FDA Advisory Committee Hearing Addresses Safety Concerns Related to Cancer Medication Iressa
An FDA advisory panel on Friday began discussing whether or not to remove Iressa, manufactured by AstraZeneca, from the market after data from a large clinical trial indicated that the treatment did not prolong lives, the New York Times reports (Pollack, New York Times, 3/5).
Consumer group Public Citizen petitioned FDA Friday to remove Iressa from the market because of its poor performance, the AP/Contra Costa Times reports. The group initially had opposed Iressa's approval, arguing it was dangerous for patients (Schmid, AP/Contra Costa Times, 3/7).
The medication, which received FDA approval in May 2003 under an accelerated approval program, treats patients with advanced lung cancer.
Advisory committee members are waiting to hear more information before voting on whether Iressa should be removed from the market, but committee members said they would not prohibit patients currently taking the medication from continuing to receive it. Panel members said they might change the Iressa's prescription instructions to show that Traceva, a similar lung cancer treatment proven to prolong lives, should be taken first (New York Times, 3/5).
In its report to the FDA panel, AstraZeneca stated, "The failure to reach statistical significance for survival in the overall population was completely unexpected," noting that Iressa has been successful at shrinking tumors in people of Asian descent and nonsmokers. AstraZeneca said a decision on whether to pull Iressa from the market should not be made until an analysis of data from the clinical trial is complete, likely in May or June (AP/Contra Costa Times, 3/7).
Dr. Otis W. Brawley, a panel member and oncologist at Emory University, said, "The development of this drug has been mishandled," adding, "It's been mishandled by AstraZeneca. It's been mishandled by this committee. We still haven't figured out how it should be used."
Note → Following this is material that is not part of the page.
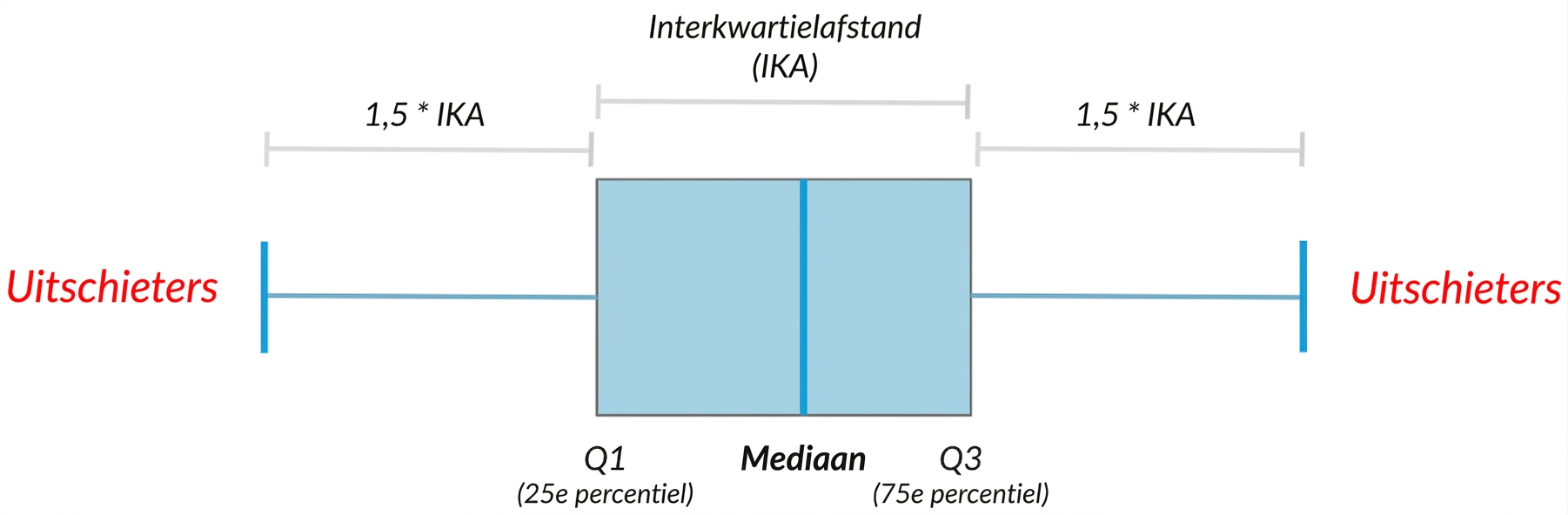 Diagram van een boxplot met mediaan, kwartielen en uitschieters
Dr. Peter Lurie, deputy director for health research for Public Citizen, said, "If this drug is not taken off the market on these grounds, it will make an absolute mockery" of the accelerated approval program (New York Times, 3/5).
In a separate study, which appeared last week in the Journal of the National Cancer Institute, scientists found a gene mutation involved in the development of some lung cancers that appears to occur only in nonsmokers.
That study, by doctors at the University of Texas Southwestern Medical Center, said that the gene mutation had increased sensitivity to Iressa. The same mutation was more prevalent in women and patients from Japan (AP/Contra Costa Times, 3/7).